14 March Romani Meeting, Istanbul

Mr. Valery Novoselsky, Editor, Roma Virtual Network. http://www.valery-novoselsky.org/romavirtualnetwork.html Consultant, European Roma Information Office http://www.erionet.org/staff.html

14 March Romani Meeting, Istanbul

Abdi Ipekci Spor Salonu, Istanbul 12:00-16:00

Today, some 16,000 Romani people from all parts of Turkey were literally packed into the Abdi Ipekci Sports Centre to hear the Minister of State, Faruk Çelik, Eleni Tsetsekou (Programme Manager from the council of Europe’s Roma and Traveller Unit), Dr. Ivan Ivanov (Director of the European Roma Information Office) and the Prime Minister of Turkey, Mr Recep Tayyip Erdogan, speak about the situation for Romani people and their desire for positive change for the future.

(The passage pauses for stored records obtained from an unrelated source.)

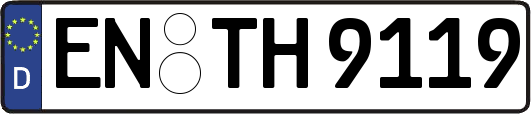 EN-TH9119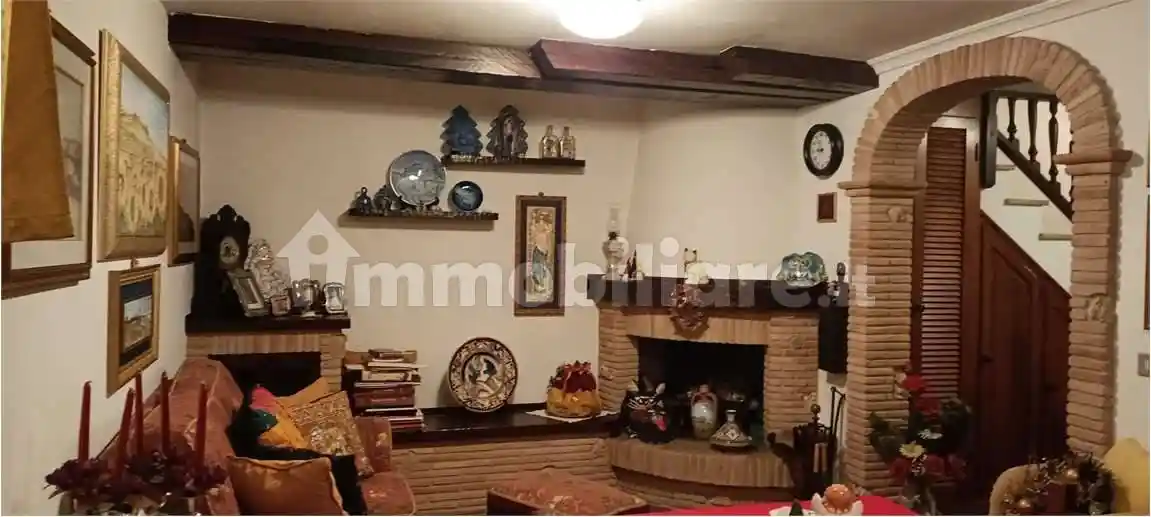Villetta a schiera in vendita a Forlì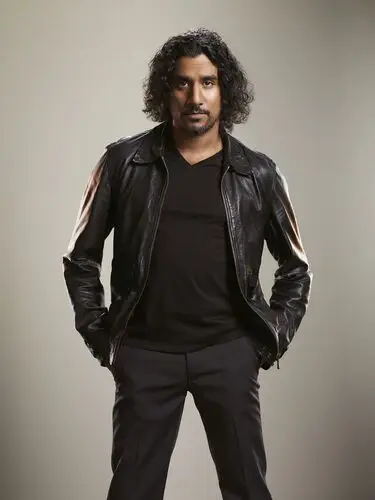Naveen Andrews Jigsaw Puzzle picture 498964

The commitment of the AKP government to achieving meaningful change in health provision, educational opportunities, employment and housing in Turkey, for Romani people across the country, is one of the government’s priorities with this ‘democratic opening’.

Mr Erdogan spoke of his childhood in the Romani neighbourhood of Kasimpasha (Istanbul), growing up with Romani people as “brothers and sisters” and understanding their situation very well from this early experience. His friendship with Mr Balik Ayhan in particular had been important to him and Mr Ayhan was at the meeting today to pay tribute to the Prime Minister and his initiative for Romani people. Mr Erdogan’s speech was greeted with enormous enthusiasm by the Romani people, each point followed by thunderous applause and the beating of the big ‘davul’ drums, so famously associated with the Romanlar as musicians in Turkey, from Ottoman times. When Mr Erdogan outlined the situation in many European countries for Roma, mentioning the persecution they faced and the suffering they experienced through deportations and exclusion, he was explicitly drawing attention to the major shift in policies that this meeting heralds in Turkey, laying a justifiable claim to the position of the most positive approach to Romani people in times of increasingly negative governmental attitudes in the rest of Europe.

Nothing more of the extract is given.